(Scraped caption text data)
• • • • •

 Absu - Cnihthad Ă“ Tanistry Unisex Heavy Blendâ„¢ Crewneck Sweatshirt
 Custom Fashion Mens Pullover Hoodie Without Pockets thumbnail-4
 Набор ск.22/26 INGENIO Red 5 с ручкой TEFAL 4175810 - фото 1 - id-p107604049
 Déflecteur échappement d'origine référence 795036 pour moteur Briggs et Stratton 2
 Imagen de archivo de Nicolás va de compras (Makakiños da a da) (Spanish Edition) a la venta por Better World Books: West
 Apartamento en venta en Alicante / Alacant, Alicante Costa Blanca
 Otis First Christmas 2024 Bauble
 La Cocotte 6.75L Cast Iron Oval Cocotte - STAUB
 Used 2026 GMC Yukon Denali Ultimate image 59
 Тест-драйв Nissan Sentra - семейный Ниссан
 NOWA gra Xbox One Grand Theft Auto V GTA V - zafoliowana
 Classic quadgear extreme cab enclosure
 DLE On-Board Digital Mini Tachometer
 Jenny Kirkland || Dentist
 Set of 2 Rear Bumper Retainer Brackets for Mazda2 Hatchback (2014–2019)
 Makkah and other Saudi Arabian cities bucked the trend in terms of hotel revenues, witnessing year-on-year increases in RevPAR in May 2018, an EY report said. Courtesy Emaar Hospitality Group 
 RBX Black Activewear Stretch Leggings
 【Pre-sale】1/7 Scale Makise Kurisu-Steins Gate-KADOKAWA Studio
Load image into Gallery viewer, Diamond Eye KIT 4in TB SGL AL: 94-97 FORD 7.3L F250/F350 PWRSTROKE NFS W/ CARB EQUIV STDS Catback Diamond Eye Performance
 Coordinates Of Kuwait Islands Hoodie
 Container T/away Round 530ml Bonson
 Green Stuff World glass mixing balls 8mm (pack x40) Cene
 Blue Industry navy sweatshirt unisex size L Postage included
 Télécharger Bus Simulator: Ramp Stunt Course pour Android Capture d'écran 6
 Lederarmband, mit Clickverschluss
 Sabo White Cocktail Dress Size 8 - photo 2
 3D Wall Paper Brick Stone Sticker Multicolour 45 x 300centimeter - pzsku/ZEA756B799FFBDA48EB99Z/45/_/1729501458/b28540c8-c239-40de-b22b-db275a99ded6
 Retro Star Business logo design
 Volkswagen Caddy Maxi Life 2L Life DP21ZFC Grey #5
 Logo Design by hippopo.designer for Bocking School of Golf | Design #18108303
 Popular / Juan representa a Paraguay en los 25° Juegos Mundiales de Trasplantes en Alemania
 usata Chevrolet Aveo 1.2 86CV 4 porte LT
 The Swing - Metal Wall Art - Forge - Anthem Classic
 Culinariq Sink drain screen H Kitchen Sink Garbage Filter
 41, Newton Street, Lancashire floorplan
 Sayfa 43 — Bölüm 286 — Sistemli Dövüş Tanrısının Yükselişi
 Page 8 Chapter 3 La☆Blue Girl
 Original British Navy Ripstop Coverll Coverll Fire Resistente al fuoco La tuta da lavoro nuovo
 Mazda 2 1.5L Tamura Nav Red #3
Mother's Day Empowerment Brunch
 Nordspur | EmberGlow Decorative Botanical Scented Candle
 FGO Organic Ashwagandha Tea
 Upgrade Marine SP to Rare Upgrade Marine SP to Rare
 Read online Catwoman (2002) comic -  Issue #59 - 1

• • • • •

WHAT YOU ARE ASKED TO DO
Reproduce exactly the lines from the one with "Original British Navy" through the end of the entries above, both ends included.

SOLUTION FOR THIS PROBLEM
 Original British Navy Ripstop Coverll Coverll Fire Resistente al fuoco La tuta da lavoro nuovo
 Mazda 2 1.5L Tamura Nav Red #3
Mother's Day Empowerment Brunch
 Nordspur | EmberGlow Decorative Botanical Scented Candle
 FGO Organic Ashwagandha Tea
 Upgrade Marine SP to Rare Upgrade Marine SP to Rare
 Read online Catwoman (2002) comic -  Issue #59 - 1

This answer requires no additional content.